**Problem details**
Exact reproduction of the data is required, with images excluded.
[[ Raw data, beginning ]]
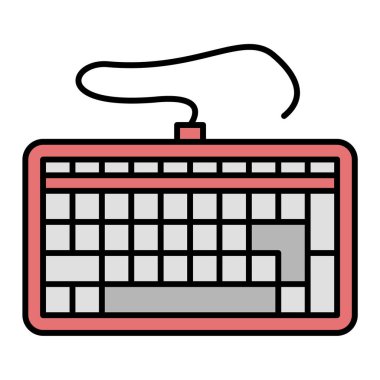 Bilgisayar klavyesi simgesi. Web için fare vektör simgelerinin özet çizimi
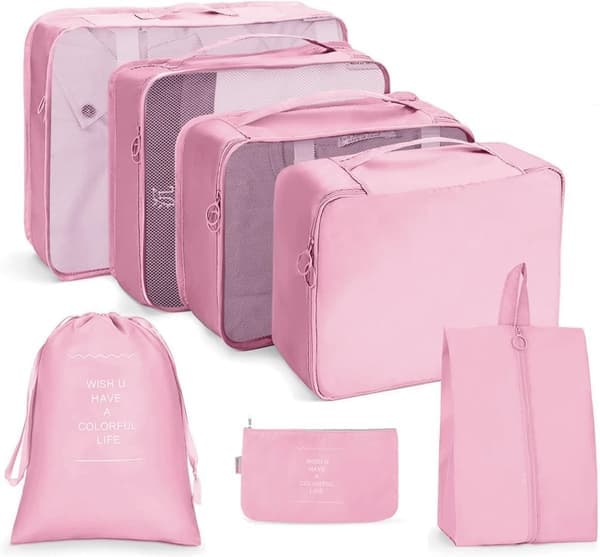 Pakkekuber - Organizer til kuffert - 7 stk. - Pink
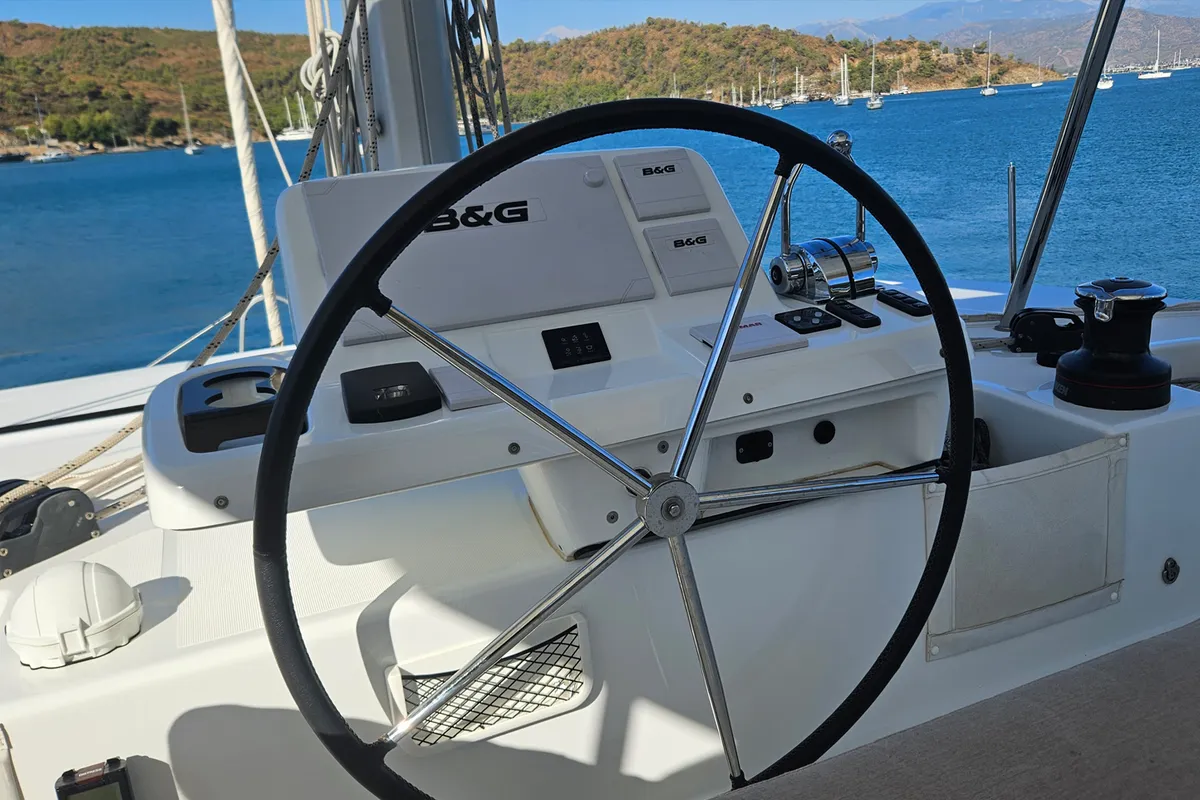 Cockpit of Swice, a Lagoon 50 OW catamaran at Fethiye, Turkey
[[ Raw data, end ]]
**Response**
 Bilgisayar klavyesi simgesi. Web için fare vektör simgelerinin özet çizimi
 Pakkekuber - Organizer til kuffert - 7 stk. - Pink
 Cockpit of Swice, a Lagoon 50 OW catamaran at Fethiye, Turkey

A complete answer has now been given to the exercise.